Such was the dominance of David Oistrakh in the Soviet Union that the brilliance of his younger compatriot Leonid Kogan slipped comparatively under the radar. Born in the Ukraine, he studied in Moscow before his victory at the Queen Elisabeth Competition in Brussels, performing Paganini’s First Concerto, launched his concert career in earnest. A model of restraint both on and off the stage, Kogan’s playing was notable for his immaculate technique and intonation and a purity of sound that saw vibrato kept to a minimum. Not that this meant lack of passion, as is amply revealed by recordings that range from works by Beethoven and Brahms to those by his Soviet contemporaries, whom he regularly championed. As a chamber musician he was in his element, forming a notable trio with pianist Emil Gilels and cellist Mstislav Rostropovich or, later on in his life, accompanied by his daughter Nina. Sadly, that life came to an all-too-early end when he died aged just 58 on a train on the way to a concert engagement.
ESSENTIAL RECORDING: Beethoven, Brahms and Franck Violin Sonatas with Nina Kogan (piano)

Orfeo C657051B

Check out Leonid Kogan on Spotify

14 Ivry Gitlis

(1922-2019) Israeli

Ivry Gitlis

One of the most charismatic and underestimated violinists of his times, Gitlis has been as expert in jazz, pop and gypsy styles as in Classical, Romantic and contemporary repertoire. His performances sometimes seem eccentric and undisciplined but are full of character and inward feeling, emphasising individual expression and musical intuition over textual, stylistic and historical awareness. Trained principally in Paris, he studied further with George Enescu, Jacques Thibaud and Carl Flesch and began his recording career with an award-winning coupling of Berg’s Violin Concerto and Chamber Concerto. He toured widely from the 1950s, performing in particular the Berg, Bartók, Sibelius and Stravinsky concertos, championing new music by Maderna, Xenakis and others, and even participating in projects with John Lennon and The Rolling Stones. His technical facility and subtly varied vibrato usage are especially striking. In demand as a teacher, writer, artist, film composer and actor, Gitlis also served as a ‘special ambassador’ to UNESCO.

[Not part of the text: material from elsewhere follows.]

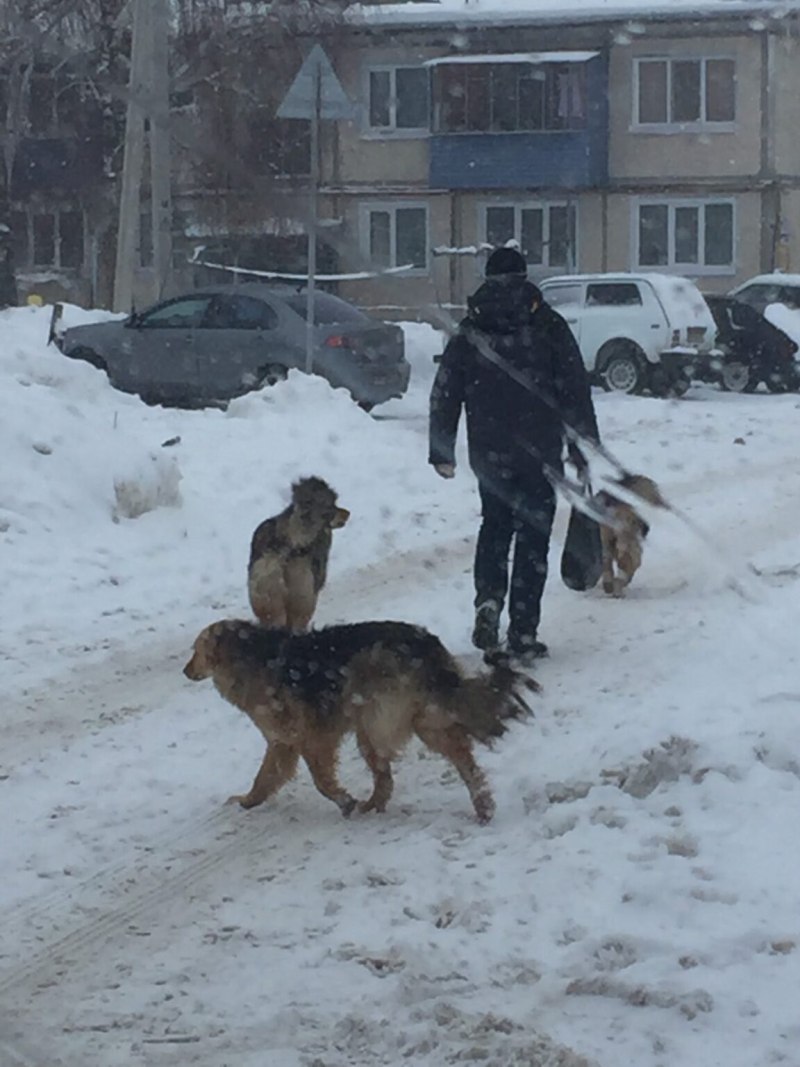Собака снизу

ESSENTIAL RECORDING: The Art of Ivry Gitlis: Violin Concertos by Bartók, Berg, Hindemith, Mendelssohn, Sibelius and more

Brilliant Classics 9145

13 Adolf Busch

(1891-1952) German

Adolf Busch

A pupil of Joseph Joachim - disciples Willi Hess and Bram Eldering, Busch became revered not only as a solo violinist and composer but also as founder of the Busch Chamber Players and the Malboro Festival, Vermont, and the moving spirit behind three distinguished chamber ensembles: the Busch Quartet, a duo with pianist (and his future son-in-law) Rudolf Serkin, and the Busch Trio with his cellist brother, Hermann, and Serkin. Busch’s playing, like Joachim’s, was disciplined, precise and authoritative. His tone was pure and sonorous and he consistently exploited technical adroitness to musical ends, incorporating portamento tastefully, varying vibrato subtly, and bowing with finesse. He became renowned for his interpretations of Beethoven and Brahms concertos, also championing works by Reger, Suter and Busoni; and his chamber ensembles established their pre-eminence in works by Beethoven, Schubert, Schumann and Brahms.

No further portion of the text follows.